John Murray, Lord Dunmore, who followed Colden
(1770-1771), after wards held the governorship of Virginia from 1771 till
1775. He was the eldest son of William Murray, the third earl, and
Catherine Nairn, and was born at Taymouth, Perthshire, in 1732, and died
in Ramsgate, England in 1809. During his short stay in New York he was
ninth president of the New York St. Andrew’s Society. He threw in his lot
with the loyalists at the beginning of the war and carried on guerilla
warfare along the coast of Virginia until 1777.
Andrew Elliott, who held the governorship for only a
few months (1783), was the third son of Sir Gilbert Elliott of Minto, Lord
Justice Clerk of Scotland, who sat on the bench as Lord Minto. Born in
Edinburgh in 1728, he came to Philadelphia in 1747, and entered on a
mercantile career. In 1764 he was appointed Collector of Customs in New
York, and in consequence removed to that city. During the Revolution he
adhered to the mother country, and was one of the Commissioners for
Restoring Peace to the Colonies. He was also one of the three persons sent
by Sir Henry Clinton to intercede with Washington on behalf of the
unfortunate Major André. On the conclusion of peace he felt that his
loyalty during the war would make life unpleasant for him and his family
and he decided therefore to return to Scotland. On his departure he
received many expressions of esteem for his benevolence and liberality
from Elias Boudinot, General Knox, and General Washington.
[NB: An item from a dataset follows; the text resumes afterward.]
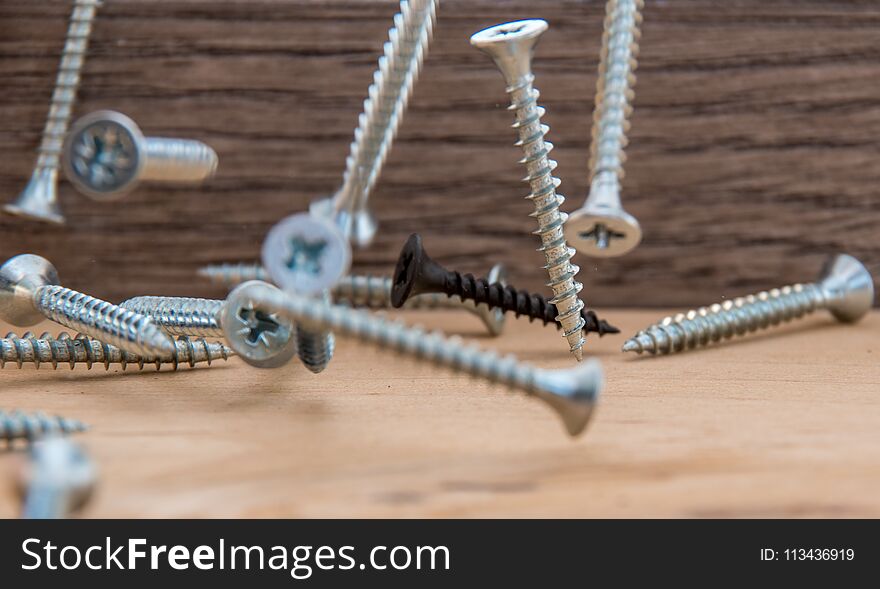 The falling bolts and screws on the tree are suspended in the air. It looks like weightlessness.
He died at
Mount Teviot, Jedburgh, in 1797.
Robert Barclay of Ury, the eminent apologist for the
Society of Friends, who was appointed governor of the province of East New
Jersey in 1682, sent a deputy and never came to America himself.
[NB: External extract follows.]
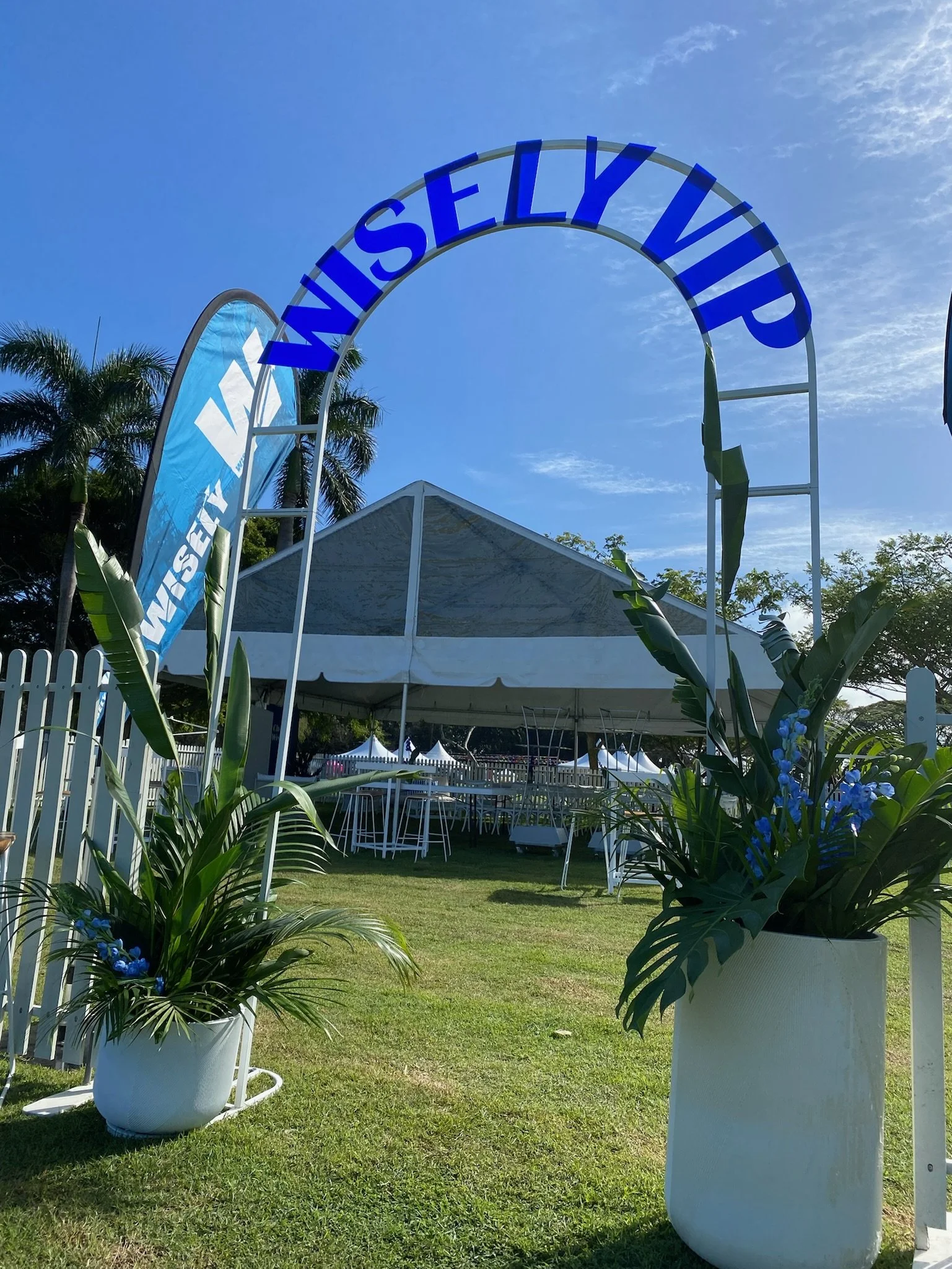 Outdoor event setup with a large white tent, white tables and chairs, decorative blue flowers in white pots, and a sign that reads "WISLEY VIP" under a clear blue sky.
William Livingston, the "Don Quixote of the Jerseys,"
who held the governorship for fourteen years, was a grandson of Robert
Livingston of Ancrum, the founder of the Livingston family in America. He
was also a member of the Convention which framed the Constitution (b.
1723. d. 1790). James Hamilton, who was
Lieutenant-Governor of Pennsylvania from 1748
to 1754 and again from 1759 to 1763, was born in
Accomac County, Virginia, of Scottish parentage. somewhere about the year
1710. His father, Andrew Hamilton, ranked as the most eminent lawyer of
his time in Pennsylvania, held the office of Attorney-General of that
state in 1717, and ten years later was appointed Prothonotary of the
Supreme Court and Recorder of Philadelphia. James Hamilton was elected a
member of the Provincial Assembly when but twenty-four years of age, and
was re-elected five times. In 1741 he became an Alderman of Philadelphia,
and in 1745 was Mayor of the city. During his tenure of this office he was
called to a seat in the Provincial Council, and in 1748 received his
commission as Lieutenant-Governor of the Province. In 1754 he asked to be
superseded, and was succeeded by Robert Hunter Morris, who, through his
mother, was connected with Scotland, and at the time of his appointment
was President of the St. Andrew’s Society of Philadelphia. In 1759
Hamilton was again induced to become Lieutenant-Governor, and four years
later was relieved by the nomination of John Penn to the office. Hamilton
was a generous donor to all worthy projects, and assisted in founding many
public institutions. In 1731, along with a number of others, he took part
in the formation of the first Masonic lodge in America. ‘‘For more than a
quarter of a century James Hamilton had participated largely in the
political affairs of the Province and held many important offices, the
duties of which were discharged by him with signal ability. Whether as
Assemblyman, Alderman, Mayor, Councillor or Governor, he was always equal
to the task imposed upon him, and even those who differed from him in
political sentiment were willing to confide in him on account of his
honesty. integrity, and devotion to the public welfare (Beath, v. 1, p.
199).
Alexander Spottiswood, a scion of the Spottiswoods of
that ilk, who was Lieutenant-Governor of Virginia from 1710 t.o 1722, was
one of the most successful of the transplanted Scots, and one of the
ablest representatives of the crown authority in the colony. He
conciliated the red men, and strove earnestly to improve their condition.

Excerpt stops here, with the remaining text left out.